* _Problem requirements_:
Only text belongs in your copy of the listing below; reproduce it exactly and leave out the pictures.

Source material Block Start

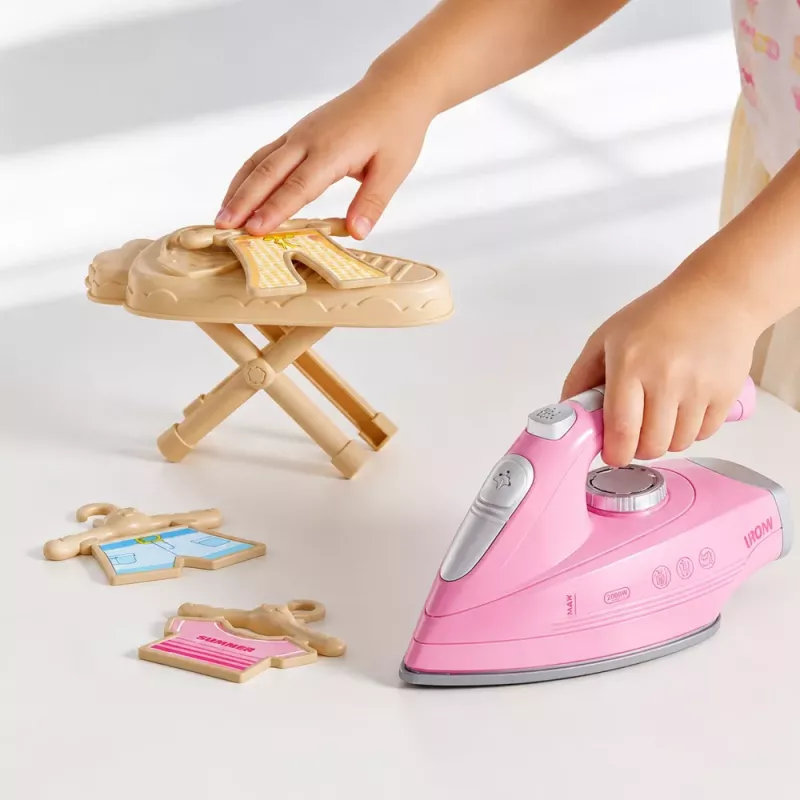 LEAN TOYS Conjunto de Passar a Ferro com Ferro de Engomar com Vibração, Luz e Efeitos Sonoros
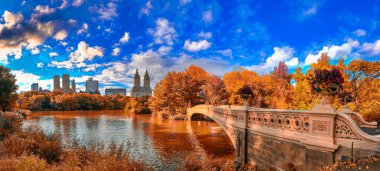 Bow Bridge Panoramik Manzarası Yeşillik Mevsimi, Central Park - New York, ABD.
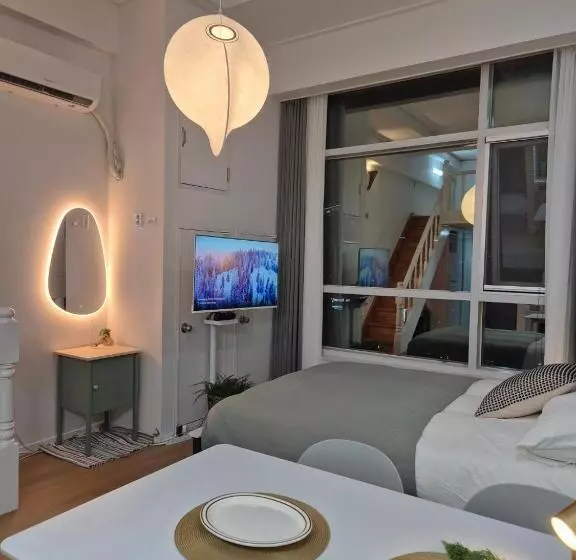 پانسیون Sunny House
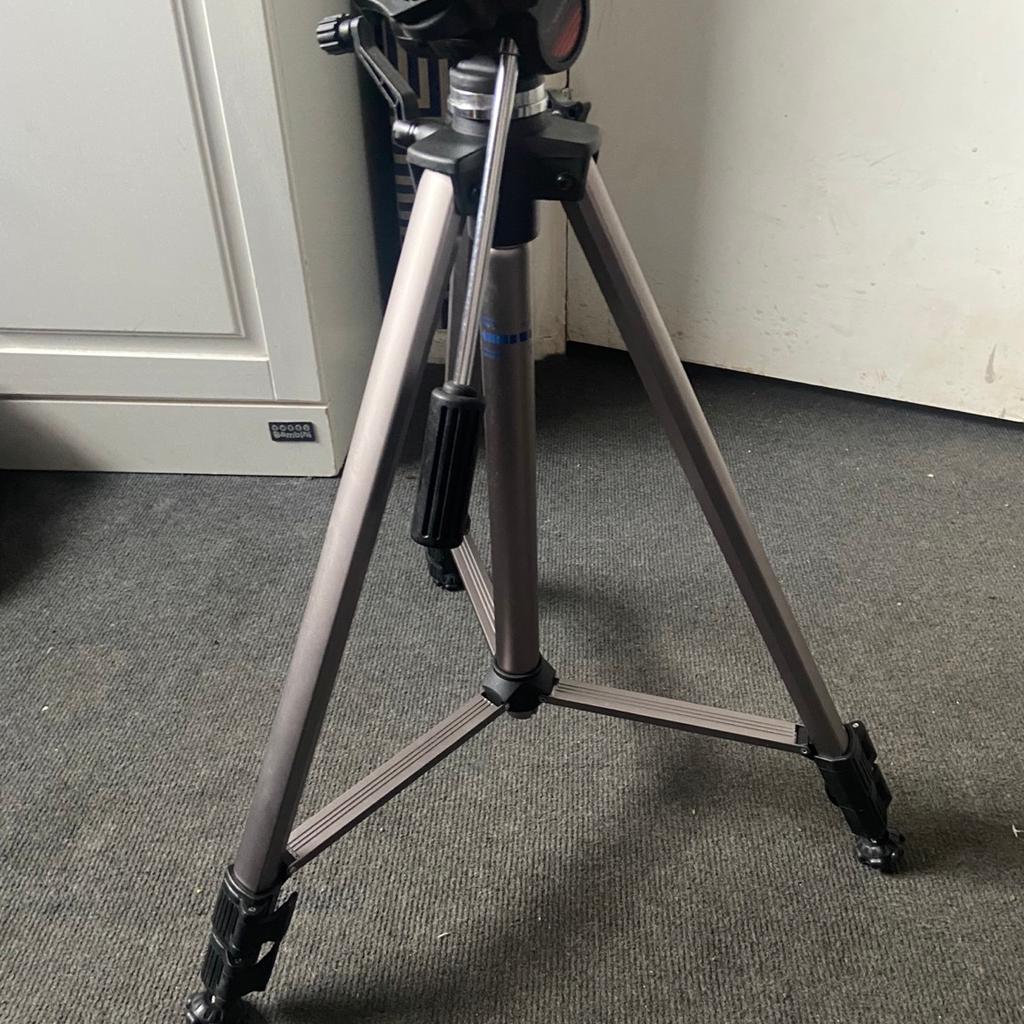 Tripod for sale in ST5Lyme für 100,00 £ zum Verkauf Shpock DE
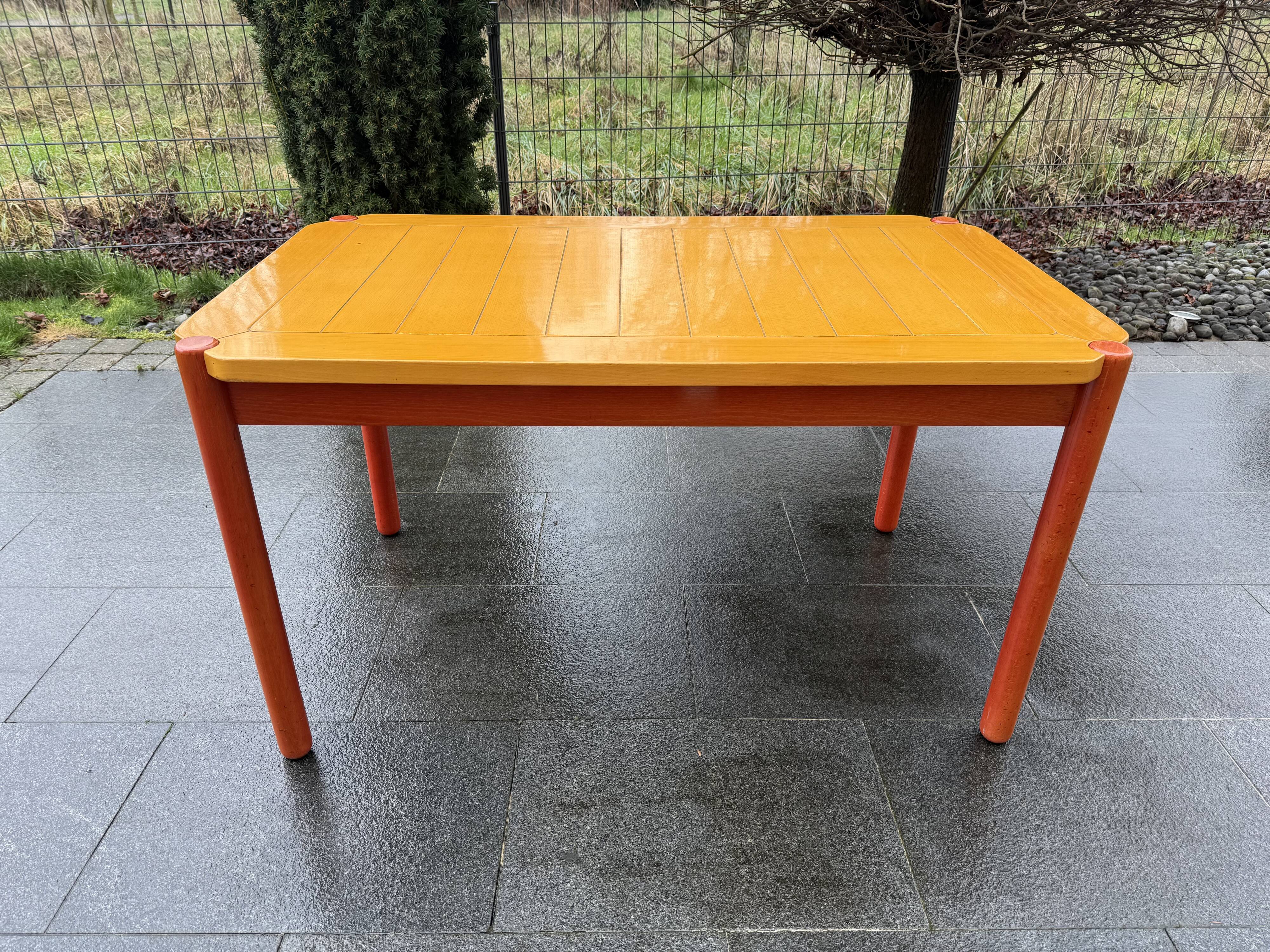 Tables à manger Vico Magistretti année 1960
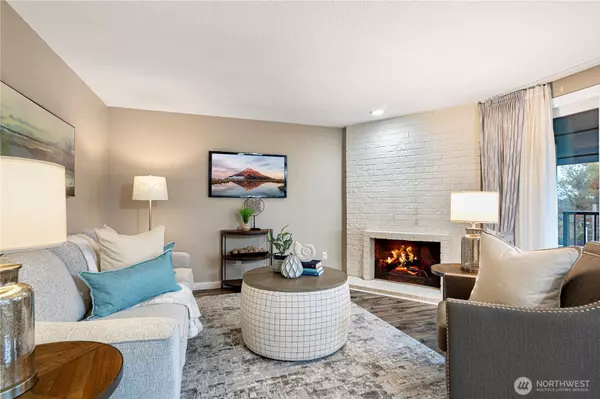 Bellevue, WA 98005,12540 SE 32nd ST #35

Source material Block End

* _Task solution_:
 LEAN TOYS Conjunto de Passar a Ferro com Ferro de Engomar com Vibração, Luz e Efeitos Sonoros
 Bow Bridge Panoramik Manzarası Yeşillik Mevsimi, Central Park - New York, ABD.
 پانسیون Sunny House
 Tripod for sale in ST5Lyme für 100,00 £ zum Verkauf Shpock DE
 Tables à manger Vico Magistretti année 1960
 Bellevue, WA 98005,12540 SE 32nd ST #35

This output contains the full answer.